Mars has a mass of 6.42 times 10 to the 23 kilograms and a radius of 3,390 kilometers. What is the surface gravity of Mars as a ratio of the surface gravity of Earth? Use a value of 9.81 meters per second squared for the surface gravity of Earth. Give your answer to two decimal places.

Now, this question is about comparing the surface gravities on Mars and Earth. So we need to recall the equation for surface gravity. That is, 𝑎 is equal to 𝐺𝑀 over 𝑟 squared, where 𝑎 is the surface gravity. And for Earth, this is given to us as 9.81 meters per second squared. 𝐺 is the universal gravitational constant, which is equal to 6.67 times 10 to the minus 11 meters cubed per kilogram second squared. 𝑀 is equal to the mass of the planet, which we’re given for Mars as 6.42 times 10 to the 23 kilograms. And 𝑟 is the radius of the planet, which we’re given for Mars as 3,390 kilometers.

So let’s start by working out the surface gravity on Mars. We have surface gravity on Mars is equal to the universal gravitational constant 𝐺 times the mass of Mars divided by the radius of Mars squared, which is equal to 6.67 times 10 to the minus 11 meters cubed per kilogram second squared times 6.42 times 10 to the 23 kilograms divided by 3,390 kilometers squared.

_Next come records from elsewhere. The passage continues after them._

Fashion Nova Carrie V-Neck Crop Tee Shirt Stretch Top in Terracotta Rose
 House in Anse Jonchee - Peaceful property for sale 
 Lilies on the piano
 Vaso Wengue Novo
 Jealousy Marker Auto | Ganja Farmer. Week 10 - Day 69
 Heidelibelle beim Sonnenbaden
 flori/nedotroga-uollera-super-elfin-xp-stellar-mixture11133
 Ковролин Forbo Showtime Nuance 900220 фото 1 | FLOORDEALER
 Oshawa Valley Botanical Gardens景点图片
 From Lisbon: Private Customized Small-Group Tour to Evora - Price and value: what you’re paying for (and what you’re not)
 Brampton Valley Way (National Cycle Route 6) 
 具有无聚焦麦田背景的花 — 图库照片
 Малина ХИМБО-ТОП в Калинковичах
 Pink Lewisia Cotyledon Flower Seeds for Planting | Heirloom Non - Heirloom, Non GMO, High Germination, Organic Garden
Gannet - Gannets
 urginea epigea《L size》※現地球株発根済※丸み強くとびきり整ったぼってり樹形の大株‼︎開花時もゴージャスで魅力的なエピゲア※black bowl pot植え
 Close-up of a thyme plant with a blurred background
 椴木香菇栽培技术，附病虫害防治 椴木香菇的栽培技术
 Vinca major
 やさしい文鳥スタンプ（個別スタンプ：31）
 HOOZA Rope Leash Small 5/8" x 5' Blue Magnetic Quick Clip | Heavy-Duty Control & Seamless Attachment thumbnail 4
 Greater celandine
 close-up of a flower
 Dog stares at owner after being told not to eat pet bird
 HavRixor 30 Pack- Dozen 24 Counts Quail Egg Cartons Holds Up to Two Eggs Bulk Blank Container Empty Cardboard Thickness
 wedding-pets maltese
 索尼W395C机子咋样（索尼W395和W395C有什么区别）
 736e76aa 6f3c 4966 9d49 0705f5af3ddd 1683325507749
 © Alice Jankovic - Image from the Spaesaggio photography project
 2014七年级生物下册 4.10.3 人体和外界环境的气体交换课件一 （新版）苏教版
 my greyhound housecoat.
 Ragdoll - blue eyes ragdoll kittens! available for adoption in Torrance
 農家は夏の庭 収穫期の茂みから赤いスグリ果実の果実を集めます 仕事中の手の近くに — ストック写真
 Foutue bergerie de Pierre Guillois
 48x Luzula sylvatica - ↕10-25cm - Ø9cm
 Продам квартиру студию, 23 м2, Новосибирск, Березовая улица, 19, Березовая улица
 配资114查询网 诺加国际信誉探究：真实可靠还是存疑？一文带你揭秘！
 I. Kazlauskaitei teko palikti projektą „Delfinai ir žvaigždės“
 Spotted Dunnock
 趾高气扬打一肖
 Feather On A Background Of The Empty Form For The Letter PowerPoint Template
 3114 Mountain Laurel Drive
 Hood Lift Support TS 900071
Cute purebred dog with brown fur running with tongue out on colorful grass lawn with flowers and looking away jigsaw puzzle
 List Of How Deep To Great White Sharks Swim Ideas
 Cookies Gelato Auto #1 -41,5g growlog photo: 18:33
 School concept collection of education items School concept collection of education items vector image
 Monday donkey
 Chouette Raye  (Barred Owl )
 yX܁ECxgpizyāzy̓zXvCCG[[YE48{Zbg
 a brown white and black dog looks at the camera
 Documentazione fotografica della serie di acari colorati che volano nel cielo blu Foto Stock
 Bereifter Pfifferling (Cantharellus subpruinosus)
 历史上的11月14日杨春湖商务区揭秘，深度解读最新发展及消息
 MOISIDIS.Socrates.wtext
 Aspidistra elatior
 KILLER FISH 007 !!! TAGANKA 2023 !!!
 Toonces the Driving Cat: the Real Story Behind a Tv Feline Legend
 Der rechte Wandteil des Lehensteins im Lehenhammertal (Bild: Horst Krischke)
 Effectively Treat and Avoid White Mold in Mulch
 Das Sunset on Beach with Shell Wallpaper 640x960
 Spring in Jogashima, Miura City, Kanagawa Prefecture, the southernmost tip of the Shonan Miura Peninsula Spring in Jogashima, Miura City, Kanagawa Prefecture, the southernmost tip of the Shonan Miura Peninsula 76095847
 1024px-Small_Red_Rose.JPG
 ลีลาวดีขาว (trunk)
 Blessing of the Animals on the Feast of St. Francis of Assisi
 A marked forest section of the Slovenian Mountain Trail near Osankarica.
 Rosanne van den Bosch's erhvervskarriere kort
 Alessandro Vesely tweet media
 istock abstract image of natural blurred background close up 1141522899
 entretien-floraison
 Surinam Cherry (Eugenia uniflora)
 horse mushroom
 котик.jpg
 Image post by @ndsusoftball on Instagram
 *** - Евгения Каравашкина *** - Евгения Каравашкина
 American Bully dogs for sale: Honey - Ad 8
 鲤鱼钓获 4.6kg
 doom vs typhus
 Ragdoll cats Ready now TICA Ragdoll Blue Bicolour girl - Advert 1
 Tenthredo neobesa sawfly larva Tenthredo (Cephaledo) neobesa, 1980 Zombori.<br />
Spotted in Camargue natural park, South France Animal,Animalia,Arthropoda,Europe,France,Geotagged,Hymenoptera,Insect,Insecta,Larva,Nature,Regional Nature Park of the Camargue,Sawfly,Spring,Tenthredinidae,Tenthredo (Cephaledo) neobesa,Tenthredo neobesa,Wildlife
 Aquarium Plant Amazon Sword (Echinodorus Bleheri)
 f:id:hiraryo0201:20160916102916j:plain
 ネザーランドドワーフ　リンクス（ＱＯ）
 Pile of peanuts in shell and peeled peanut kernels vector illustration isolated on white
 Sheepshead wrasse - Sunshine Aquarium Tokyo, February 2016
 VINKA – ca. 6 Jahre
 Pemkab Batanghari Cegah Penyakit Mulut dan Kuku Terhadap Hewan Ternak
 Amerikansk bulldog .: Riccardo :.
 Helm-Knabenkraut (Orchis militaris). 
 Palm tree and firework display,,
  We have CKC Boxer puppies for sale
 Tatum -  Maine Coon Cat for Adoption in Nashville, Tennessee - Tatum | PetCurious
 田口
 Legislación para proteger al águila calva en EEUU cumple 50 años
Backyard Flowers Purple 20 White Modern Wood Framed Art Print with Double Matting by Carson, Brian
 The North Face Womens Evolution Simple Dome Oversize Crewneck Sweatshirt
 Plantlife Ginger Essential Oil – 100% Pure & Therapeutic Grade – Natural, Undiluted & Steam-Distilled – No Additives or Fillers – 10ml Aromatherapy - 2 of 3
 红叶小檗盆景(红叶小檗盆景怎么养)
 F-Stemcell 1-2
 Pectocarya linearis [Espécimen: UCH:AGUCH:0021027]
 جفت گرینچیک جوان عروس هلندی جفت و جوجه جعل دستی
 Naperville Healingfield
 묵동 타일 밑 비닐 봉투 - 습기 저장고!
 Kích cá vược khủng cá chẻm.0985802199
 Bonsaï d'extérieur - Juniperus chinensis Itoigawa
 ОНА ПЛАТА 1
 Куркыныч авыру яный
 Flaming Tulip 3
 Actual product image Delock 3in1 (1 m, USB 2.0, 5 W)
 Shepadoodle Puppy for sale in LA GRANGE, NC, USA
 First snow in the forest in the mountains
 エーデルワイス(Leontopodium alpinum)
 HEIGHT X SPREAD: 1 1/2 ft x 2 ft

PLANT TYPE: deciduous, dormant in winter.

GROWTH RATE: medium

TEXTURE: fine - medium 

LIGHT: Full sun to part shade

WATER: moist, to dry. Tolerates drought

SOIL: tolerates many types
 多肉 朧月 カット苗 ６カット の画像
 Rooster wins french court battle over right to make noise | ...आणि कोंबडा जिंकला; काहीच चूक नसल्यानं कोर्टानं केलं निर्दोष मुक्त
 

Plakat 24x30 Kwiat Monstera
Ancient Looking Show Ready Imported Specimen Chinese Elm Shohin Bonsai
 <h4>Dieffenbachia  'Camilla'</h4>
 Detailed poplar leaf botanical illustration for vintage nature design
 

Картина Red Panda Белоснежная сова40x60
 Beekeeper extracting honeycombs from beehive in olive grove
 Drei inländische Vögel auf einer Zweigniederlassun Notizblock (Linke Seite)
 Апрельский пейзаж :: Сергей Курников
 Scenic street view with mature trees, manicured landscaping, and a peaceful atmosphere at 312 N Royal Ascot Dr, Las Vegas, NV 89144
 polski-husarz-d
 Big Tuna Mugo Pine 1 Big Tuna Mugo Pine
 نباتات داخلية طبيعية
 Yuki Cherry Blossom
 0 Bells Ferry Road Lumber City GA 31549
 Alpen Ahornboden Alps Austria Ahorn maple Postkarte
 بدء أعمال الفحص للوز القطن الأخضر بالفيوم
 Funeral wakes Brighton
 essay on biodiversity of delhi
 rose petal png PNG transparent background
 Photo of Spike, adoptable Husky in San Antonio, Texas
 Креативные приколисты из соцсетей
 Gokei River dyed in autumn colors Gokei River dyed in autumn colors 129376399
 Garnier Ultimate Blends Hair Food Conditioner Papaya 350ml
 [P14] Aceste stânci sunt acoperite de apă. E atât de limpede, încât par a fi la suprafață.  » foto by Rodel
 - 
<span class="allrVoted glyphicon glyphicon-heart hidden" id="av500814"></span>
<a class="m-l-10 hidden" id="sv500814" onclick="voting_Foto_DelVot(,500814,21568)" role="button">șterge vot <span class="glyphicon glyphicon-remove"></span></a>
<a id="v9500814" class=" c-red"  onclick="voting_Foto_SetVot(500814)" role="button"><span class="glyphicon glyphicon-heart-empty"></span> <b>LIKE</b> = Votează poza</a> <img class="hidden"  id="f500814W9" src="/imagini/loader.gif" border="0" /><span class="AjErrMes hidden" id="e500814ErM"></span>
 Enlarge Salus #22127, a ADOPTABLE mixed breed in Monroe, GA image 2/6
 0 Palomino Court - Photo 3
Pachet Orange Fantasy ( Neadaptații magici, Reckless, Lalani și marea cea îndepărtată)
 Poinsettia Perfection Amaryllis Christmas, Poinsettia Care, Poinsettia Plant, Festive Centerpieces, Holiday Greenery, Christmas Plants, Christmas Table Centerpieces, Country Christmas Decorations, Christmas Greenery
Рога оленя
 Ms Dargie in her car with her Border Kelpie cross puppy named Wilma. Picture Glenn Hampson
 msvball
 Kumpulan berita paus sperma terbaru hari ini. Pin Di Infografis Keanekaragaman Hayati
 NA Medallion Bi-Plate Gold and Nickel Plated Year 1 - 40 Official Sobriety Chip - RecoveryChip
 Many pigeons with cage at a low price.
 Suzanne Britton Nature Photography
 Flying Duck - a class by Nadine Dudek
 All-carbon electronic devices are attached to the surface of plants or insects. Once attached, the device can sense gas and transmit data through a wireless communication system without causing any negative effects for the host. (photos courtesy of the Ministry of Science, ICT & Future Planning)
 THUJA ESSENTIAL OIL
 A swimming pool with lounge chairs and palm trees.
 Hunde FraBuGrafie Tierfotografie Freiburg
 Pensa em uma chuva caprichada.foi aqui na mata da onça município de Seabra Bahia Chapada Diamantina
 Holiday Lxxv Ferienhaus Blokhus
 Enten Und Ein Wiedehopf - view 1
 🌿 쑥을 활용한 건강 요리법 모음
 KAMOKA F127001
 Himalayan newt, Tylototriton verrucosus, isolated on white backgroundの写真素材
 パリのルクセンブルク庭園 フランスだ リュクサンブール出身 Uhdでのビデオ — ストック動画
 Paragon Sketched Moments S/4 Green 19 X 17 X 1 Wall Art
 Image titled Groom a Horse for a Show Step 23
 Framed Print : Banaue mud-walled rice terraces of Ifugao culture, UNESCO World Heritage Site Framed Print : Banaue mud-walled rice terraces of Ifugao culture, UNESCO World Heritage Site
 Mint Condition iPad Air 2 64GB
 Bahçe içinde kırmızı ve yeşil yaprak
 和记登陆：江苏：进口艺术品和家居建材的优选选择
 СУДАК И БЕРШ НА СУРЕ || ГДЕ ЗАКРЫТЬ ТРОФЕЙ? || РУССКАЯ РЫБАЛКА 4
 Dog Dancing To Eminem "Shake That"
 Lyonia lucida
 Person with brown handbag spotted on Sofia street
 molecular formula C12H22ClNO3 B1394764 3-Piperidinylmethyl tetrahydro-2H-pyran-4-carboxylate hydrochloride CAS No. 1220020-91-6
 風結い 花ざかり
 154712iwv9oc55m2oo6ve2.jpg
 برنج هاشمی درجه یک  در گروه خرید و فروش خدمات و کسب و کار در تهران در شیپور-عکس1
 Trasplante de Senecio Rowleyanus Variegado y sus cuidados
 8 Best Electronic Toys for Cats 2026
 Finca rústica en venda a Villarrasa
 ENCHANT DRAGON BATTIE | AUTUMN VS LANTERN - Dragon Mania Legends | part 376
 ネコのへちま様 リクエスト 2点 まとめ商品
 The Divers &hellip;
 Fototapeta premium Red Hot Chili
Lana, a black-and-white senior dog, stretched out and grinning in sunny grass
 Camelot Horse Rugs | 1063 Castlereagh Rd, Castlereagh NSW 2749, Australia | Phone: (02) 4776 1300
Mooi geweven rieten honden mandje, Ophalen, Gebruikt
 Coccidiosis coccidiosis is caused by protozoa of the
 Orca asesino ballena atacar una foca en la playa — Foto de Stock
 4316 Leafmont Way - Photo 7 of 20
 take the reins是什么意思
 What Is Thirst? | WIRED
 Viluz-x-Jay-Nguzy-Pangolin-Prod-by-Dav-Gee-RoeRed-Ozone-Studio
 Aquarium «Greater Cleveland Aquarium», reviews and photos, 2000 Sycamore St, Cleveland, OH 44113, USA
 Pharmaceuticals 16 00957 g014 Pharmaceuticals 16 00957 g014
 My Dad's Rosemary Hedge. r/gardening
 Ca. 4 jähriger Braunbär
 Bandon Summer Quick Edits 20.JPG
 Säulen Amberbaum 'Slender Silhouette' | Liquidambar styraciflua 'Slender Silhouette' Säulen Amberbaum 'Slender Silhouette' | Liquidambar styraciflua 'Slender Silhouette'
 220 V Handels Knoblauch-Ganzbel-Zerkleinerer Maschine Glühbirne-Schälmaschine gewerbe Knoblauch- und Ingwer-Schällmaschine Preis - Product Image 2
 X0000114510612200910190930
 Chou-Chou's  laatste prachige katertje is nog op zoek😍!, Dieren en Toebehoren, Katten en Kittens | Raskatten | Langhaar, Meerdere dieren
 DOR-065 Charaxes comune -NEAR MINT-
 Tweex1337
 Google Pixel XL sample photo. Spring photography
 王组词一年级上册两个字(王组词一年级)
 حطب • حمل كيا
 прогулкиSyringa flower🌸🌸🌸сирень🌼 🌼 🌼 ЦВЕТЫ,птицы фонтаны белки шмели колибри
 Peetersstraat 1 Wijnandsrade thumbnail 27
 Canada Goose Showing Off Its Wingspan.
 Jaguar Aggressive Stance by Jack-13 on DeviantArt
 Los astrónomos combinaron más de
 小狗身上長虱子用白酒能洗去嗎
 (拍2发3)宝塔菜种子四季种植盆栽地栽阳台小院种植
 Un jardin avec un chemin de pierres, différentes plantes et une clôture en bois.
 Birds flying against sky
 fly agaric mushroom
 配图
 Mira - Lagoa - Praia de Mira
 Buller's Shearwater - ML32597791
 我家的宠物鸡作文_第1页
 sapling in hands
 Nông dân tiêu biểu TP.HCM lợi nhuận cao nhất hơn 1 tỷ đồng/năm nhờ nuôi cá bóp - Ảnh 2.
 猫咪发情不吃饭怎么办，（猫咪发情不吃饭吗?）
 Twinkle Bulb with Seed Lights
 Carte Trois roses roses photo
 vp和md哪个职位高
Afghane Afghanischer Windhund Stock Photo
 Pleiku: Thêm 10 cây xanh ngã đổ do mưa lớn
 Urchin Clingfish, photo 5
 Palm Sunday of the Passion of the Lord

Now, notice that we have kilometers in the denominator and meters in the numerator. We need to convert these to the same units, which we do by recalling that one kilometer is equal to 1,000 meters. And therefore, 3,390 kilometers is equal to 3,390,000 meters.

Having substituted that value into the equation, we can now solve it. And we find that the surface gravity on Mars is equal to 3.726 meters per second squared. Now we need to express this as a ratio of the surface gravity of Earth. This means finding the surface gravity on Mars divided by the surface gravity on Earth. And that is equal to 3.726 meters per second squared divided by 9.81 meters per second squared. This comes to about 0.3798.

And notice that we had units of meters per second squared on both the numerator and the denominator. That means these cancel out, and what we’re left with has no units. We call this a dimensionless value. And we need to express this to two decimal places. So that comes to 0.38, which means the surface gravity on Mars as a ratio of the surface gravity on Earth is 0.38.